Notice the urge to use drugs? Go to the mall and shop. Feel like you need a drink? Go to a movie. Reward yourself with entertainment to ward off that initial urge to cave into your addiction.

To Stay Sober:

This is where a sobriety calculator can come in handy. If you’re having a particularly hard day and feel like you can have one drink and resume sobriety rather than cave into constant use, then take a look at your sober day counter. You can see how long you’ve been sober and how much money you’ve saved. Celebrate your accomplishments and treat yourself.

Remember To Be Grateful

To Get Sober:

Journaling is a big part of getting sober. Every day, you should write down your interactions. Write down what upset you, what made you happy, what you struggled with, and what you’re grateful for. Numerous studies have shown that by journaling you wear down the “instant gratification” part of your brain. This way you’re able to visualize the long-term goals.

To Stay Sober:

Keep journaling and reread your journey. Even on hard days, you have a journal you can return to and see how you survived those hard days. Read, in your own words, what you were struggling with as well as what you were grateful for. On rough days, what you may be grateful for is that it’s still not as bad as the first week of sobriety.

Give Back To The Community

To Get Sober:

There are plenty of opportunities to help fellow addicts. One of the chief benefits is simple, it gives you something to do (actively), so you’re not sitting on your couch alone trying to survive the day. But the secondary benefit is it gets you surrounded by people going through the same trials you are.

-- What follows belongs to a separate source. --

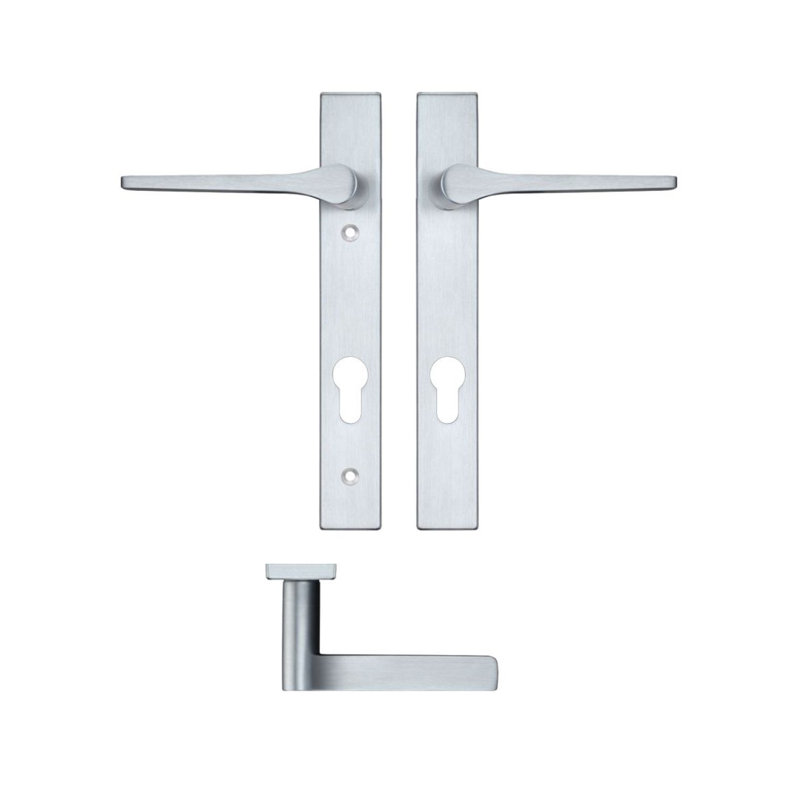 Lock Right Hand Door Handle, Satin Chrome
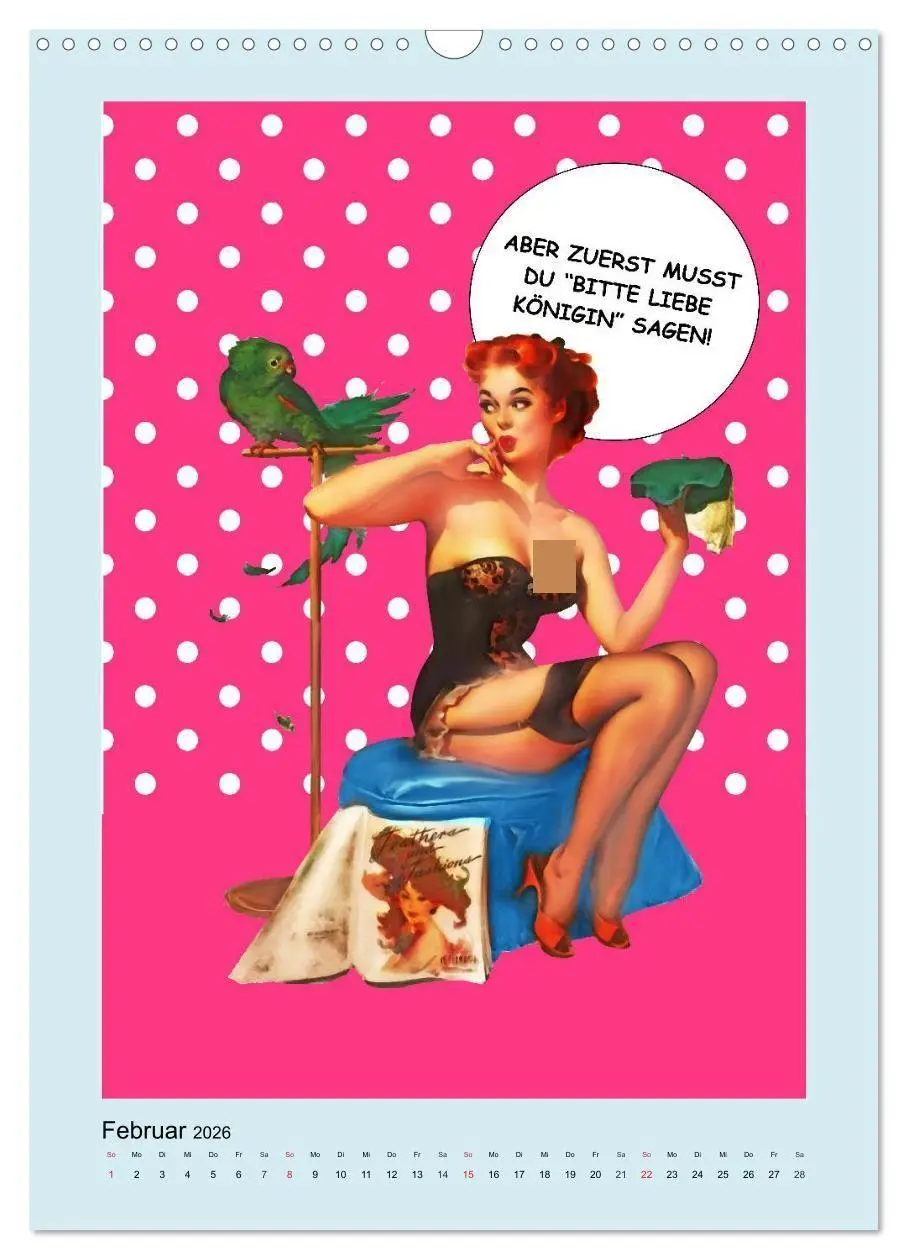 Bild: 9783516375640 | Loses Mundwerk im Pin-up Stil. Lustige Sprüche von Frau zu Mann...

Not only are you able to preoccupy yourself with busy work, but you’re able to talk to people who are genuinely empathetic to your plight.

To Stay Sober:

In many ways this is similar to the journaling (mentioned above). If you’re continuing to help your community, you’ll meet people who are having an exceptionally difficult time staying sober – or getting sober. You’re able to see where you came from and remind you how you warded off the urge in those early days, and make you grateful for where you are today.

Adopt A Pet

To Get Sober:

Adopt a dog or a cat and take care of it. Buying a pet creates a wealth of responsibilities as you need to provide food, water, take the dog out for walks or sift through the cat’s litter. Animals offer a new routine to your daily life to keep you busy and aide in not feeling so isolated.

To Stay Sober:

A pet’s needs continue to grow as they get older and your attachment grows as well. There’s something to be said about being depended on and that may be all you need to stay sober, i.e. you can’t relapse because your pet needs you.

Download The Sober Day Counter App

To Get Sober:

The I Am Sober App is more than a day counter, it’s a sobriety calculator and social sharing app. You can see how many days you’ve gone without a drink – which is beneficial to you – but you can also share your milestones with friends and family. This can help create a consistent support system and remind you to persevere each day.

To Stay Sober:

You customize the tool how you want, but you can journal and document your progress alongside your milestones. You can see the photo of you 1 week sober as well as 1 year sober. The app makes you recognize your triumph. Celebrate and journey on.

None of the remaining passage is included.